4. It is significant to note that the Plaintiff/Petitioner
has not filed the affidavit of any of the attesting
witnesses, viz. Mr. Mahesh Sadanand Redkar and/or
S.M. Asgar who are the attesting witnesses to the
purported Will dated 07.04.2007 of my deceased father
which is being propounded by the Plaintiff/Petitioner.

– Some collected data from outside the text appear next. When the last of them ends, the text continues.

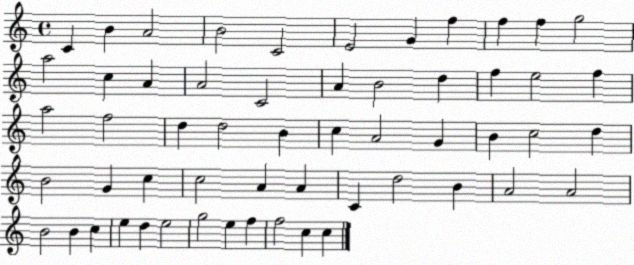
X:1
T:Untitled
M:4/4
L:1/4
K:C
C B A2 B2 C2 E2 G f f f g2 a2 c A A2 C2 A B2 d f e2 f a2 f2 d d2 B c A2 G B c2 d B2 G c c2 A A C d2 B A2 A2 B2 B c e d e2 g2 e f f2 c c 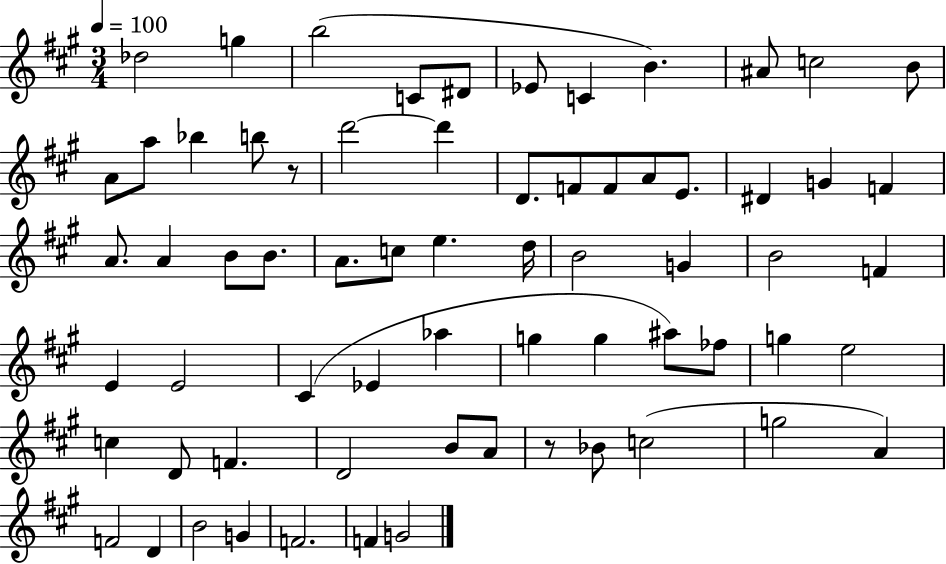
Db5/h G5/q B5/h C4/e D#4/e Eb4/e C4/q B4/q. A#4/e C5/h B4/e A4/e A5/e Bb5/q B5/e R/e D6/h D6/q D4/e. F4/e F4/e A4/e E4/e. D#4/q G4/q F4/q A4/e. A4/q B4/e B4/e. A4/e. C5/e E5/q. D5/s B4/h G4/q B4/h F4/q E4/q E4/h C#4/q Eb4/q Ab5/q G5/q G5/q A#5/e FES5/e G5/q E5/h C5/q D4/e F4/q. D4/h B4/e A4/e R/e Bb4/e C5/h G5/h A4/q F4/h D4/q B4/h G4/q F4/h. F4/q G4/h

5. It is settled position in law that in the absence of
the verification by at least one witness to the Will, the
Petition shall be liable to be dismissed for non-
compliance of provisions of Section 281 of the Indian
Succession Act, 1925. The said Section applies to the
present Petition as the Plaintiff/Petitioner has not
annexed the affidavit of any of the attesting witness
along with the Petition. I crave leave to refer to and rely
upon the papers and proceedings of the said Petition in
support of my contention that in view of non-
compliance of Section 281 of the Indian Succession Act,
1925, the present Petition/Suit is liable and ought to be
dismissed with cost in the interest of justice, equity and
fair-play."
4. By order dated 1 March 2018, the learned Single Judge
of this Court dismissed Suit No. 173 of 2017 by allowing the Notice
of Motion filed by the present Respondent. The Testamentary Suit
No.2 of 2018 filed by the Respondent herein was directed to be
taken up for trial by the learned Single Judge.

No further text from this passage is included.